O autor argumenta que estas mudanças de status exigem a intervenção do direito. Contrariamente à mera valorização econômica, que pode resultar na privatização destes bens, Ferrajoli defende que a garantia destes como bens fundamentais requer uma decisão política civilizatória de submeter ao direito as relações de mercado. Isso, segundo o autor, é fundamental para garantir a sobrevivência e a saúde de todos. Neste sentido, Ferrajoli propõe a inclusão de “bens fundamentais” na discussão sobre direitos fundamentais, argumentando que a linguagem dos direitos mostra-se inadequada para tratar das técnicas de tutela exigidas por cada um destes bens. Segundo ele, o enfoque deve ser na proteção do próprio bem, por sua vitalidade e importância, mais do que apenas nos direitos humanos associados a ele. O conceito de antropocentrismo, portanto, dá lugar ao de biocentrismo, i.e, um entendimento do Meio Ambiente em seu conceito mais macro possível. Emerge, então, a figura de um Estado ambiental. Um Estado democrático de direito regido pelos princípios ecológicos, em outros termos, a ecologização do direito.
Direito Ambiental transdisciplinar
A transdisciplinaridade do Direito Ambiental é uma questão central nas manifestações de mudança do antropocentrismo ao biocentrismo. No Direito Ambiental é essencial, imprescindível e fundamental que seus partícipes sejam sujeitos transdisciplinares e componham as mais diversas áreas de atuação, para além dos graduados das ciências humanas - advogados, filósofos, sociólogos, historiadores -, como das demais áreas do conhecimento - ciências naturais e exatas -, cada qual com seu valor intrínseco necessário para uma visão holística, todos em sinergia. Segundo Silva (2000, p. 11-12), a figura do pesquisador ou especialista transdisciplinar é essencial para abordar a complexidade do mundo atual, uma vez que tal indivíduo possui a habilidade de reconhecer a própria especialização disciplinar e, ao mesmo tempo, interagir sem resistência com os conhecimentos oriundos de outras disciplinas. No contexto do Direito Ambiental, esse pesquisador poderia transitar entre disciplinas como ciências ambientais, política, sociologia rural e urbana, economia, entre outras.
Silva (2000) argumenta também que a realidade não pode ser captada de forma unidimensional, sendo sempre uma simplificação da complexidade ontológica da realidade. Nesse sentido, o objeto transdisciplinar forma-se a partir do entendimento que a realidade é complexa e não pode ser totalmente compreendida por um único domínio disciplinar. A questão ambiental, intrinsecamente complexa e interdisciplinar, certamente se encaixa nessa descrição. O autor ainda indica que para dar equilíbrio e consistência ao paradigma transdisciplinar, é necessário um terceiro elemento, não passível de racionalização, que permita a coexistência do sujeito e objeto transdisciplinares.
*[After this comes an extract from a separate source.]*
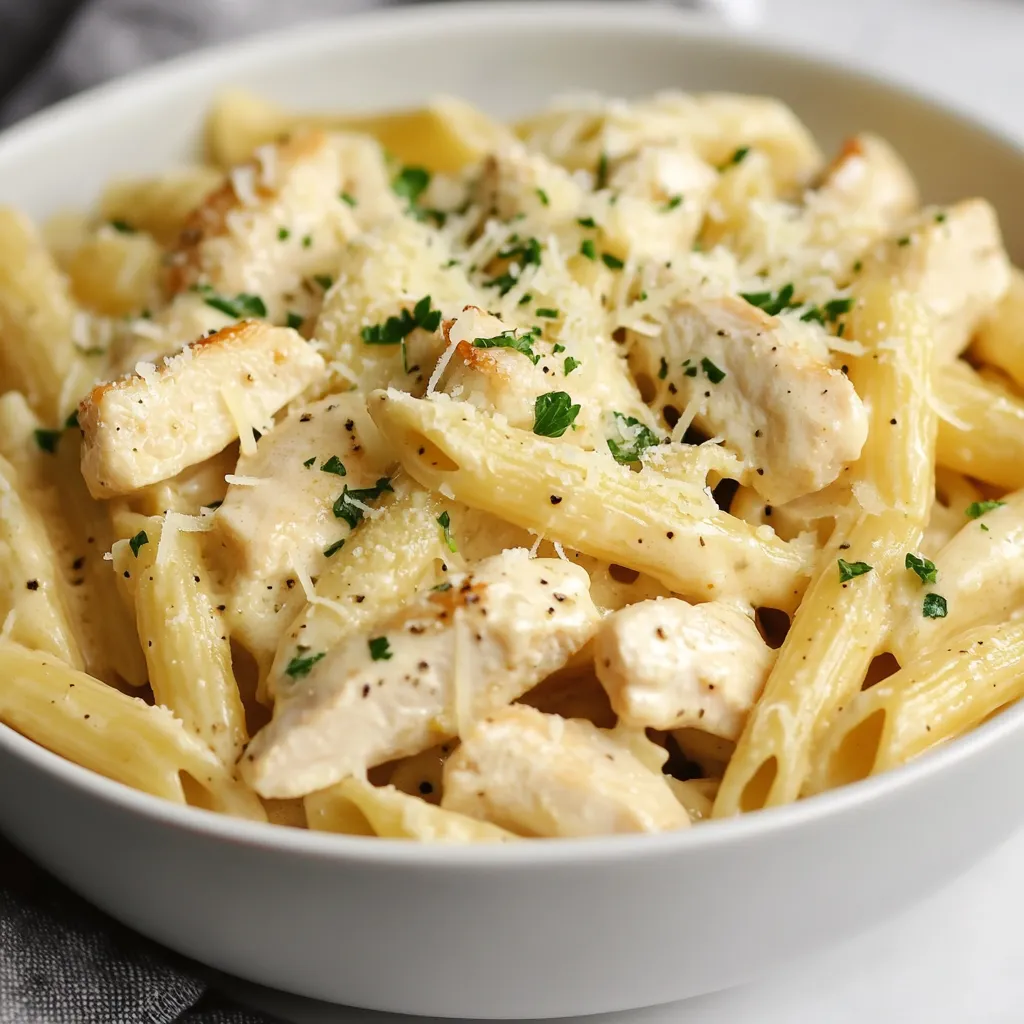 A bowl of pasta with chicken and cheese.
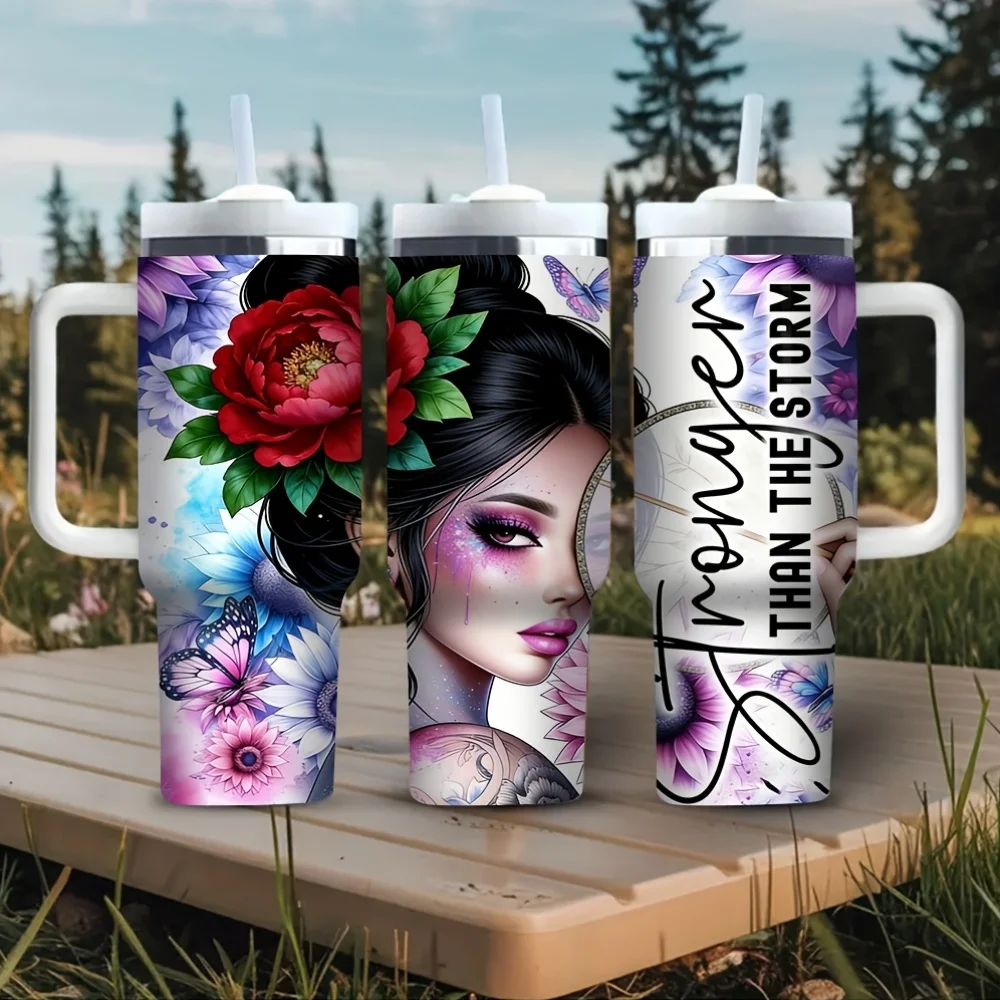 Outdoor Camping Quotes - 40Oz Tumbler with Handle Printed with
Ele refere-se a esse elemento como uma vertical de acesso cognitivo, descrevendo-o como um espaço sagrado, o qual dá sentido à dialética entre sujeito e objeto na representação transdisciplinar da realidade. Silva (2000) também destaca a necessidade de evitar desvios no caminho transdisciplinar, particularmente a confusão entre diferentes níveis de realidade e percepção. Ele argumenta que cada nível é único e não deve ser explicado com base na linguagem de outro nível. No contexto do Direito Ambiental, isso significa que a perspectiva jurídica não deve tentar impor sua lógica a outras disciplinas ou realidades, como a ciência ambiental, geografia urbana ou a política.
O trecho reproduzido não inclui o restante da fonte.